June 30 (Bloomberg) -- U.S. Treasury Secretary Timothy Geithner said today that Congress has “no option” other than approving an increase in the $14.3 trillion debt ceiling.

“It will be unthinkably damaging to the economy, much more damaging than even what we faced in that dark period of ’08 and ’09,” Geithner said in Chicago at the Clinton Global Initiative conference.

He said Congress has no choice and will raise the debt limit. The Treasury, which has projected that its borrowing authority will expire Aug. 2, plans to release an update on the debt limit tomorrow.

Senate Majority Leader Harry Reid, a Nevada Democrat, announced today that the Senate will cancel its July 4 recess to remain in session next week for debt-limit talks. Reid’s decision came after President Barack Obama said Congress shouldn’t be taking vacations while the issue is unresolved.
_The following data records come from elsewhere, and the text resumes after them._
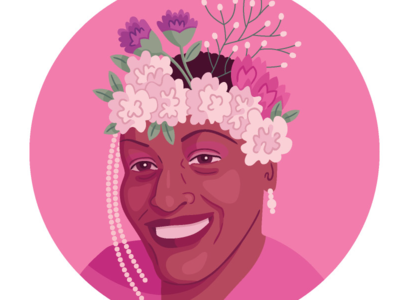 Marsha P. Johnson flowers illustration portrait vector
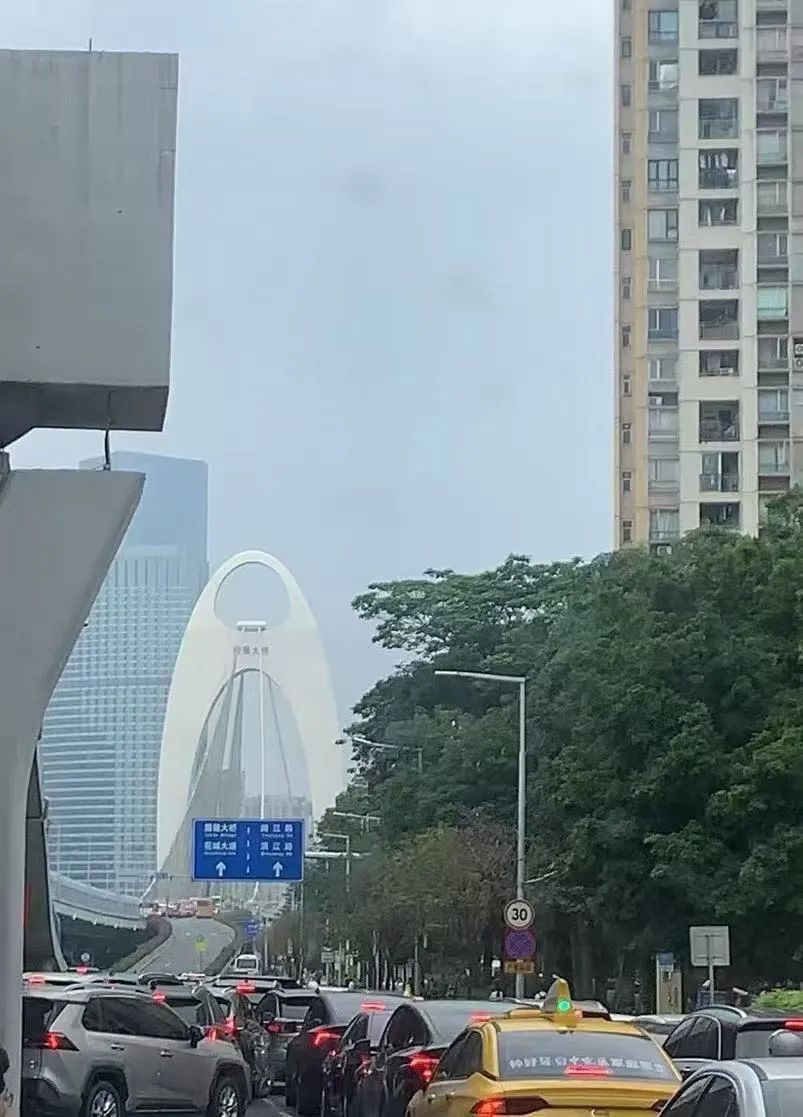 一男子爬上广州猎德大桥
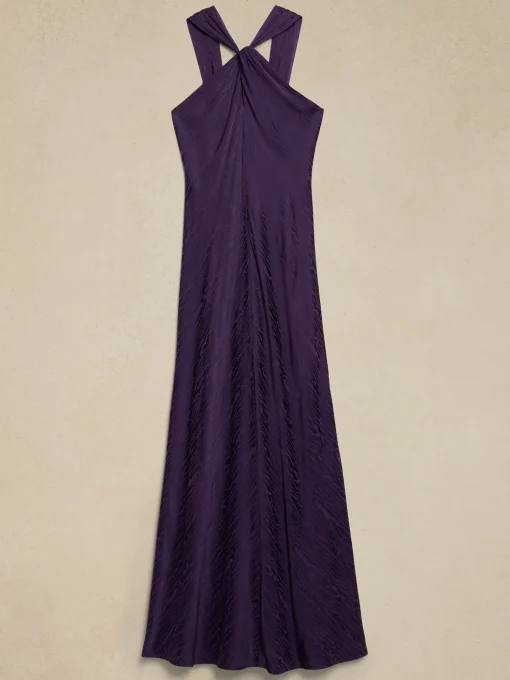 Twist-Front Column Maxi Dress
“We really have no option to go into a period where we don’t start paying our bills. Congress has no choice but to pass this and I’m sure they will,” Geithner said.

Geithner has signaled to White House officials that he’s considering leaving the administration once a debt limit agreement is reached, according to three people familiar with the matter. At the Clinton Global Initiative conference, Geithner said he will be at Treasury “for the foreseeable future.”

‘Yellow Light’

At a news conference yesterday, Obama criticized Republicans for the failure to reach an agreement on the debt limit.

“The yellow light is flashing,” Obama said, warning of dire consequences if Congress doesn’t raise the borrowing limit before Treasury’s Aug. 2 deadline.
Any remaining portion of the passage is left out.